Speaking in the House of Commons debate on Ukraine, Ian Austin called for tougher measures against Russia and its president Vladimir Putin.

He said that Russia should be expelled from the G8, called for tougher sanctions and listed Russian assets that should be seized in the UK, including those owned by Putin’s “elite cronies and financial backers” in the UK.

Full text of the speech:

This is the first time since the end of the Second World War that part of a sovereign European country has been annexed by another nation. He is also right to draw attention to the Budapest memorandum, because when we and the Americans signed it in 1994, we gave assurances to protect Ukraine’s territorial integrity and security.

The Prime Minister has said that Russia has committed a “flagrant breach of international law”, that what has happened is “unacceptable” and that this is “the most serious crisis in Europe this century.”

However, the European response, as the former Foreign Secretary, the right honourable and learned Member for Kensington (Sir Malcolm Rifkind), said earlier, has been absolutely pitiful.

Limited measures on visas and assets have been announced for just 22 people, not a single one of whom is a member of Putin’s inner circle. European leaders might have wanted to send a signal without escalating the situation, but Putin’s response, which was to legitimise the outcome of the ludicrous and illegal referendum held over the weekend, was contemptuous.
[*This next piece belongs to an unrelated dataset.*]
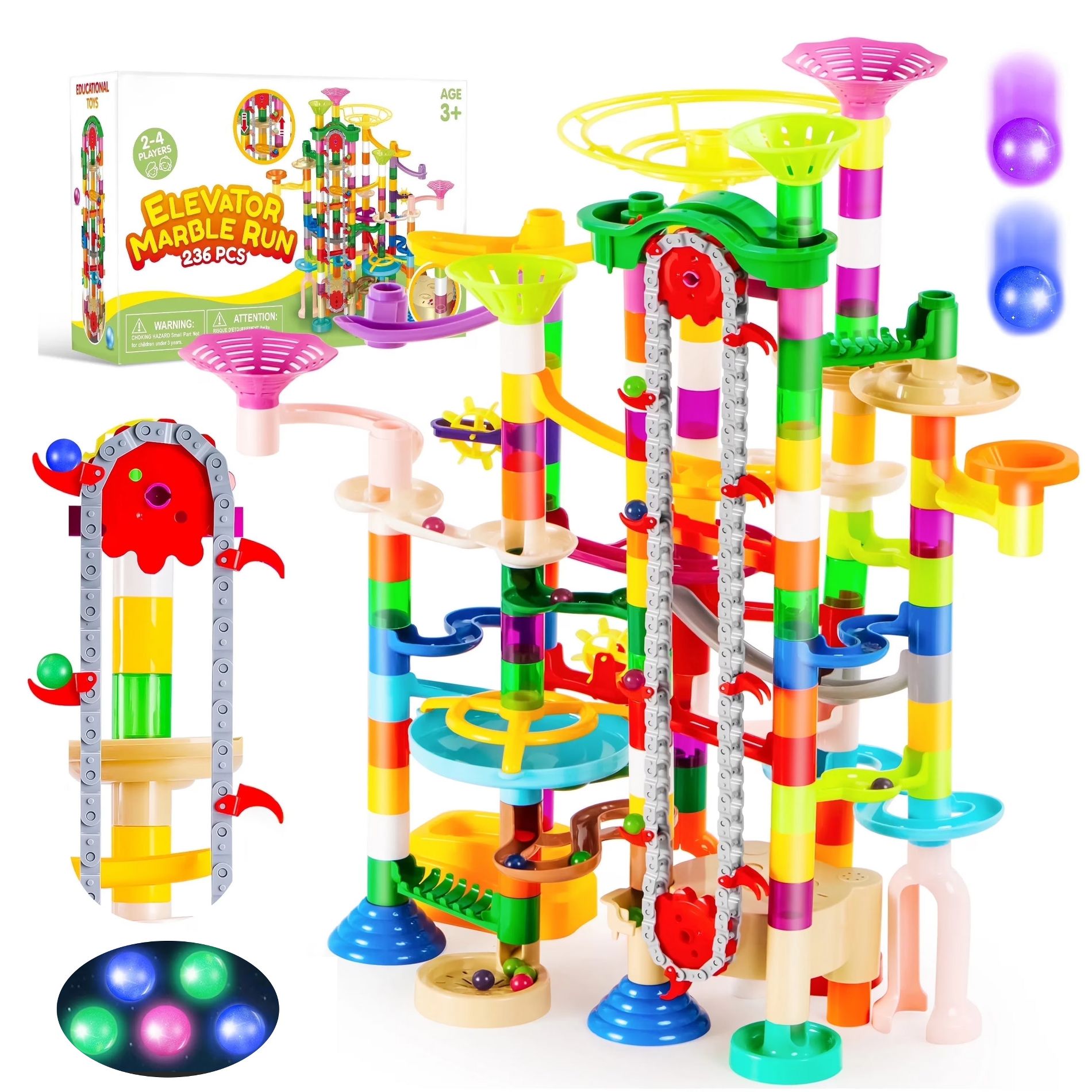236Pcs Toddler Kid Glowing Marble Run with Motorized Elevator 30pcs Glow in The Dark Plastic Marbles Christmas Gifts Toys for 3 4 5 6 Year Old Kids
Not content with moving Crimea to Russian time, Putin clearly wants to turn the clocks back completely to before the collapse of the Soviet Union.

Putin—a former KGB officer who has said himself that he regards the collapse of the iron curtain as a huge mistake—has made no secret of his belief that Russia should control former Soviet republics.
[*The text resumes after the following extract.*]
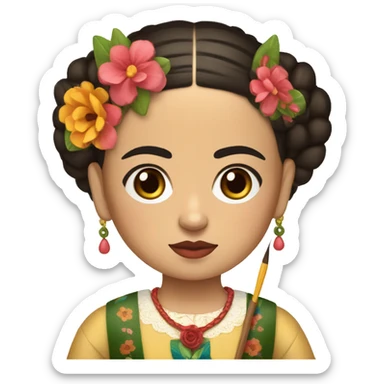 full body frida kahlo unibrow kid with paintbrush sticker
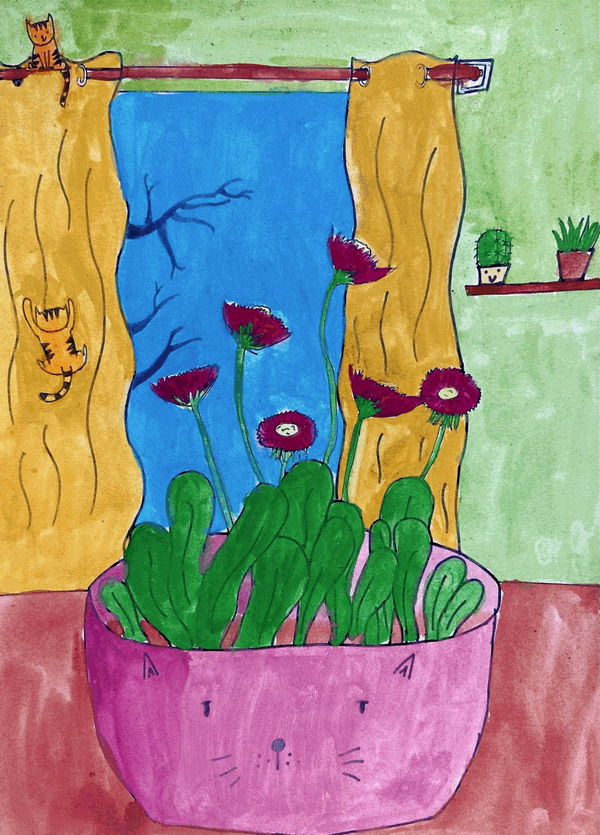 Amy Pearsall, Age 10, Inspired by David Hockney’s My Window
We have to ask ourselves what has actually changed for Putin, given that, to all intents and purposes, he is a brutal, cold war, Soviet-style dictator, terrorising his opponents at home, murdering them abroad, invading other countries and supporting terrorists such as Assad in conflicts elsewhere.

The only thing that does appear to have changed is that, as we saw with Syria, the west has become utterly impotent, weaker than ever before and unable—or unwilling—to stand up for its values, preferring instead to allow Russian oligarchs to use often ill-gotten gains to buy up huge swathes of London, our businesses, our football clubs and even our newspapers.

We should be pressing much more urgently for much more robust sanctions, such as further asset freezes and visa denials to members of the Duma who voted in favour of providing military support to Ukraine, thereby supporting Russia’s illegal invasion and continued occupation of Ukrainian sovereign territory.

We should seize the foreign currency assets of the Russian Government, Russia’s central bank and Russian state-owned companies. It is estimated that two thirds of the $56 billion moved out of Russia in 2012 were the proceeds of crimes, bribes to state officials and tax fraud.

Let us make Putin’s elite cronies and financial backers choose between supporting his dictatorship at home and invasions abroad on the one hand and their wealth on the other. We should change the locks on their fancy apartments in Kensington, board up the mansions they have bought in the home counties, and empty their bank accounts to show them that the west will not tolerate the sort of brutality and corruption that passes for government and business in Putin’s Russia.

We should kick Russia out of the G8 — I think that is absolutely clear.

The summit due to be held in Sochi in June should be cancelled and Russia should be suspended from the Council of Europe.

I welcome the Foreign Secretary’s earlier statement about military exports, but Russia’s membership of the World Trade Organisation should be suspended and existing trade negotiations cancelled.

Putin will obviously use western dependence on Russia’s state-owned and state-controlled energy companies to try to ward off tougher measures, so we must decrease that dependence in the long term and we should immediately explore how western energy imports can be diversified away from Russia.

The truth is that the west needs to decide which is more important: our values and commitment to democracy, freedom and the rule of law or the dubious benefits of the west’s commercial relationships with Russia.